Human Rights and Global Politics: Meet Alumnus Davide Orsitto

Davide Orsitto graduated from JCU in 2016 with a B.A. in International Affairs and a minor in Economics and Finance. He is a Ph.D. candidate in Human Rights and Global Politics at the Scuola Superiore Sant’Anna, in Pisa, Italy. Davide recently obtained a position in Rome at the Italian Ministry for Technological Innovation and Digital Transition to help implement the Italian Recovery plan (PNRR).

Davide Orsitto

Davide Orsitto

 Who or what influenced you to seek a master’s degree after graduating from JCU?
I have obtained an M.A. in International Security from the Scuola Superiore Sant’Anna, in Pisa, in a joint program with the University of Trento. While pursuing my M.A., I went on a student exchange program at the University of Paris I: Panthéon-Sorbonne. This joint master’s degree gave me a general knowledge of international relations, public policy, and economics, which allowed me to embark on a Ph.D. program in Global Politics. I chose this path under the supervision of JCU Professor Michael Driessen and the advice of Professors Isabella Clough Marinaro and Stefano Arnone.
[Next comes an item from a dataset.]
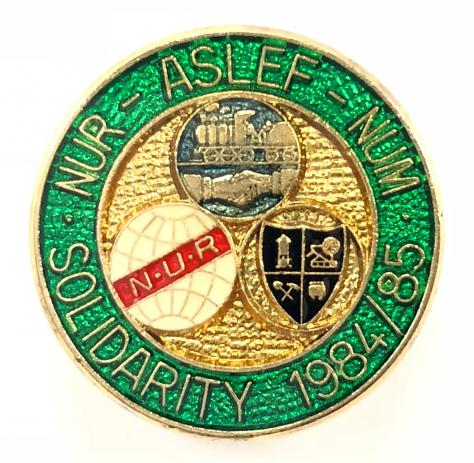 NUR ASLEF NUM Solidarity 1964 railway and miners union strike badge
Is there a professor at JCU who inspired you or helped you get where you are today? Did he or she teach you any important lessons?
Three names come to mind: Professors Michael Driessen, Isabella Clough Marinaro, and Stefano Arnone. Professor Driessen helped me discover my passion for political thought. Professor Clough Marinaro taught me how to write a thesis and how to question everything I was taught. Professor Arnone showed me that numbers are an essential tool for understanding reality.

How can you describe your day-to-day work at the Ministry for Technological Innovation and Digital Transition to help implement the Italian Recovery plan (PNRR)?
In my office, the Department for Digital Transformation (DTD), we are a unit of about 40 officials and government experts. My work spans from analyzing datasets, to writing reports on what deadlines need to be met, to editing administrative legal documents. Once I leave the office, I work on my Ph.D. thesis, which I must submit in 6 months. It is a fulfilling, yet very busy time.

Do you have any advice for current JCU students? Anything you wish you would have known?
Three things I wish I had known: 1) What happens at John Cabot University does not represent the outside world. John Cabot is a gold mine where you can develop so many skills, from foreign languages, to developing writing skills, to mathematics and statistics, while at the same time doing internships and understanding how the job market works. Take advantage of any possibility John Cabot offers, including membership in clubs and take all the extra classes you think are interesting; 2) For Italians studying at JCU, do not forget your mother tongue while learning English. Take some courses in Italian and learn useful legal/economic terminology, especially in Italian law and accounting, as they will be very important to pass national exams like the one that led me to the presidency; 3)Make a lot of foreign friends and go and explore other worldviews while you can. JCU offers you this opportunity.